Extracted records.
■ ■ ■

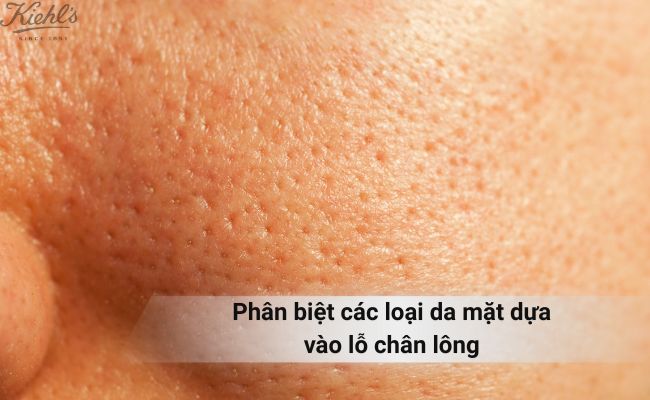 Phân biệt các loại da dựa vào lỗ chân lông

■ ■ ■

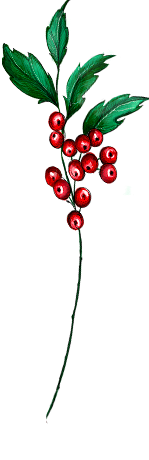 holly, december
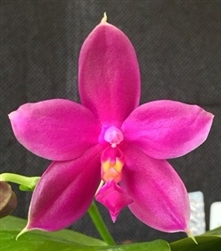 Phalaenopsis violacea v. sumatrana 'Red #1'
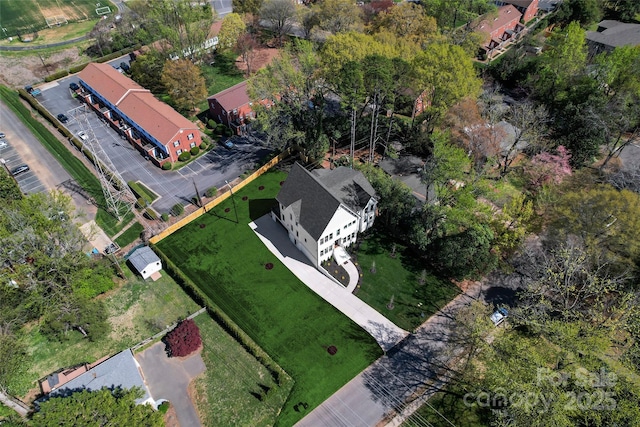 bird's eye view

■ ■ ■

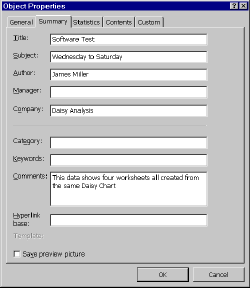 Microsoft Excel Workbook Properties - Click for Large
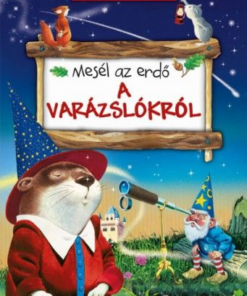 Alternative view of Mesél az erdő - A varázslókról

■ ■ ■

Task objective.
Within the material above, find the part that opens with the line containing "Phalaenopsis violacea v. sumatrana 'Red #1'" and closes with the line containing "bird's eye view", and reproduce it exactly without the pictures.

Worked solution.
 Phalaenopsis violacea v. sumatrana 'Red #1'
 bird's eye view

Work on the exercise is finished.